Custodial digital wallets and non-custodial digital wallets are two types of digital wallets that are used to store, manage, and transact digital assets such as Bitcoin, Ethereum, and NFTs. Both types of digital wallets have their own set of features and benefits, and they differ in terms of how they store and manage the user's digital assets.

A custodial digital wallet is a type of digital wallet that is managed and controlled by a third party, such as a cryptocurrency exchange or a financial institution. In a custodial digital wallet, the user does not have complete control over their digital assets. Instead, the third party holds the private keys to the user's digital assets, and the user can only access their assets through the third party's platform.

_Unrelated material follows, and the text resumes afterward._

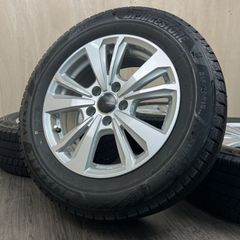 ほぼ新車外し カローラクロス純正 215/60R17 ホイールタイヤ4本セット ほぼ新車外し カローラクロス純正 215/60R17 ホイールタイヤ4本セット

One of the main benefits of using a custodial digital wallet is that it is generally considered to be more secure than a non-custodial digital wallet. This is because the third-party is responsible for securing the user's digital assets and ensuring that they are safe from hackers and other types of cyber attacks. Additionally, custodial digital wallets will more often than not offer additional security measures, such as two-factor authentication and biometric authentication, to further protect the user's assets.

However, there are also some clear downsides to using a custodial digital wallet. One of the main drawbacks is that the user does not have complete control over their digital assets. This means that they cannot access their assets if the third party's platform goes down, if the third party goes bankrupt or if the third party experiences any other issues. Additionally, the user may have to pay fees to the third party for managing and storing their digital assets.

On the other hand, a non-custodial digital wallet is a type of digital wallet that is completely controlled by the user. In a non-custodial digital wallet, the user holds their own private keys and has complete control over their digital assets. This means that the user can access their assets at any time and can make transactions without the need for a third party.

One of the main benefits of using a non-custodial digital wallet is that the user has complete control over their digital assets. This can give them a greater sense of security and peace of mind, as they do not have to worry about their assets being held by a third party that could go bankrupt, be hacked, etc. Additionally, non-custodial digital wallets often have lower fees than custodial digital wallets, as the user does not have to pay fees to a third party for managing and storing their assets.

However, there are also some drawbacks to using a non-custodial digital wallet. One of the main drawbacks is that they can be less secure than custodial digital wallets, as the user is responsible for securing their own private keys and protecting their assets from cyber attacks. Additionally, non-custodial digital wallets may not offer the same level of security measures as custodial digital wallets, such as two-factor authentication and biometric authentication. Many of the most commonly used non-custodial wallets, such as MetaMask and Trust Wallet, do offer quality security measures, but many others do not.

If you've heard the phrase, "Not your keys, not your crypto," this is what is being referred to - the type of wallet you are using and whether it's custodial (operated by a major CEX or similar) or non-custodial (operated by the user through Trust/Metamask/etc.).

In summary, custodial digital wallets and non-custodial digital wallets are two types of digital wallets that are used to store and manage digital currencies. Custodial digital wallets are managed and controlled by a third party, while non-custodial digital wallets are completely controlled by the user. Both types of digital wallets have their own set of benefits and drawbacks, and the best choice for a particular individual will depend on their specific needs and preferences.